Pan-cancer analysis of microRNA expression profiles highlights microRNAs enriched in normal body cells as effective suppressors of multiple tumor types: A study based on TCGA database.

Publisher:
Public Library of Science (PLoS)
Publication Type:
Journal Article
Citation:
PLoS One, 2022, 17, (4), pp. e0267291
Issue Date:
2022
Full metadata record
BACKGROUND: MicroRNAs (miRNAs) are frequently deregulated in various types of cancer. While antisense oligonucleotides are used to block oncomiRs, delivery of tumour-suppressive miRNAs holds great potential as a potent anti-cancer strategy. Here, we aim to determine, and functionally analyse, miRNAs that are lowly expressed in various types of tumour but abundantly expressed in multiple normal tissues. METHODS: The miRNA sequencing data of 14 cancer types were downloaded from the TCGA dataset. Significant differences in miRNA expression between tumor and normal samples were calculated using limma package (R programming). An adjusted p value < 0.05 was used to compare normal versus tumor miRNA expression profiles.
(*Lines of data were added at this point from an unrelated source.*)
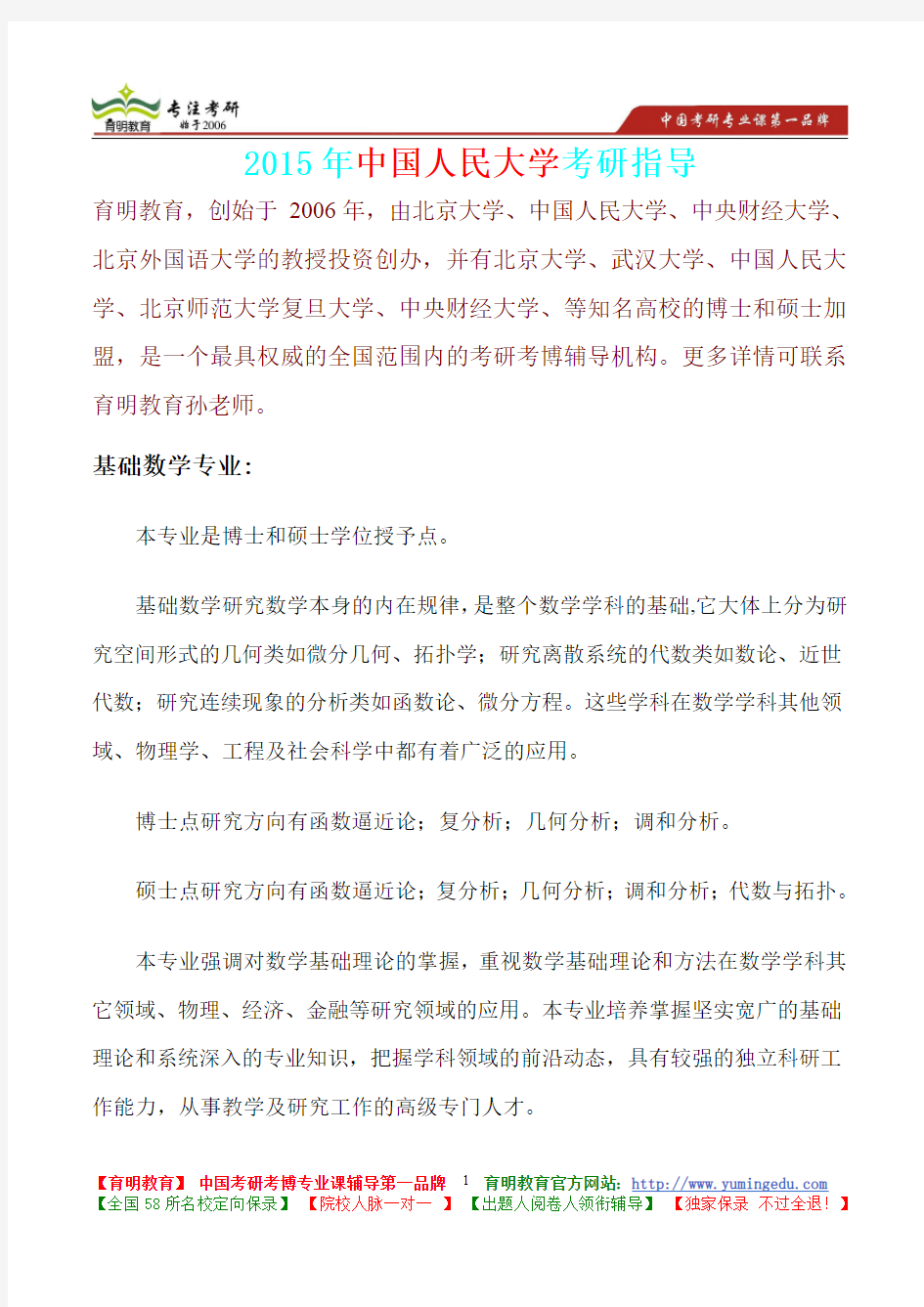 2015年中国人民大学基础数学专业真题解析,考研真题,考研大纲,考研笔记,考研经验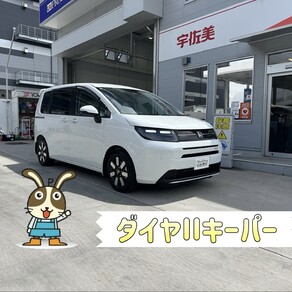 ホンダ・フリード
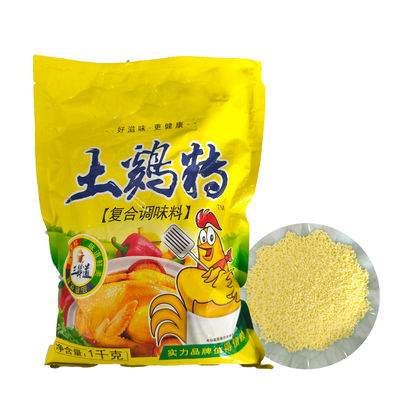 ハラル チキン調味料粉末 スープヌードル 20kg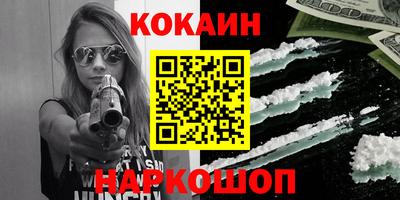 2c-b Гусиноозёрск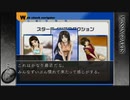 【ミッシングパーツ】実況part24 赤いカメオ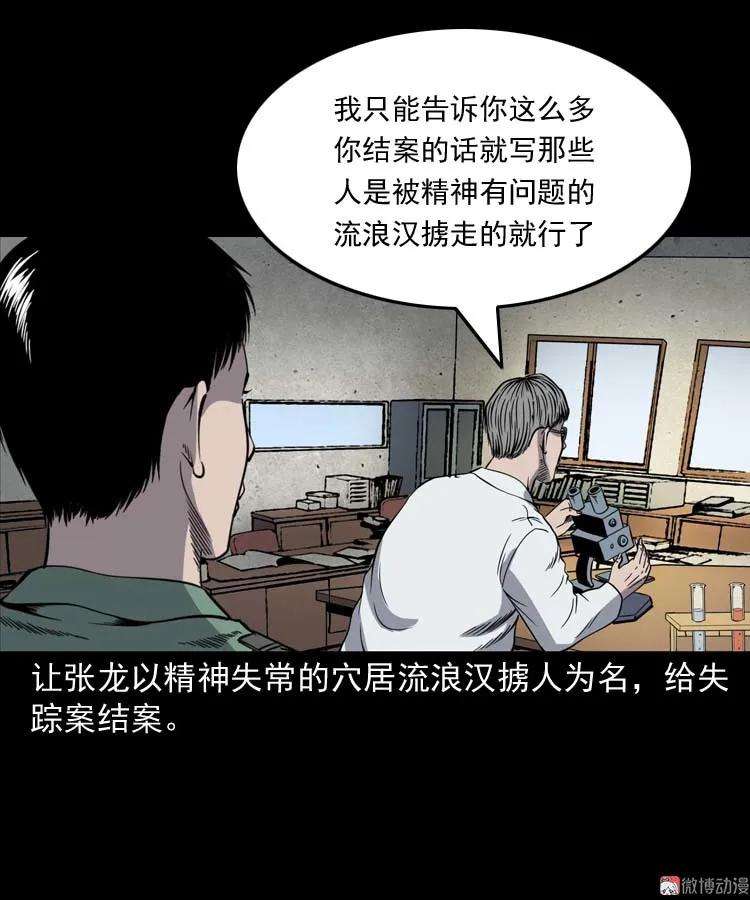 96.jpg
The predicted gene targets were obtained using TargetScan, miRanda, and miRDB and then subjected to gene ontology analysis using Enrichr. Only GO terms with an adjusted p < 0.05 were considered statistically significant. All data from wet-lab experiments (cell viability assays and flow cytometry) were expressed as means ± SEM, and their differences were analyzed using GraphPad Prism software (Student's t test, p < 0.05). RESULTS: By compiling all publicly available miRNA profiling data from The Cancer Genome Atlas (TCGA) Pan-Cancer Project, we reveal a small set of tumour-suppressing miRNAs (which we designate as 'normomiRs') that are highly expressed in 14 types of normal tissues but poorly expressed in corresponding tumour tissues. Interestingly, muscle-enriched miRNAs (e.g. miR-133a/b and miR-206) and miRNAs from DLK1-DIO3 locus (e.g. miR-381 and miR-411) constitute a large fraction of the normomiRs. Moreover, we define that the CCCGU motif is absent in the oncomiRs' seed sequences but present in a fraction of tumour-suppressive miRNAs. Finally, the gain of function of candidate normomiRs across several cancer cell types indicates that miR-206 and miR-381 exert the most potent inhibition on multiple cancer types in vitro. CONCLUSION: Our results reveal a pan-cancer set of tumour-suppressing miRNAs and highlight the potential of miRNA-replacement therapies for targeting multiple types of tumour.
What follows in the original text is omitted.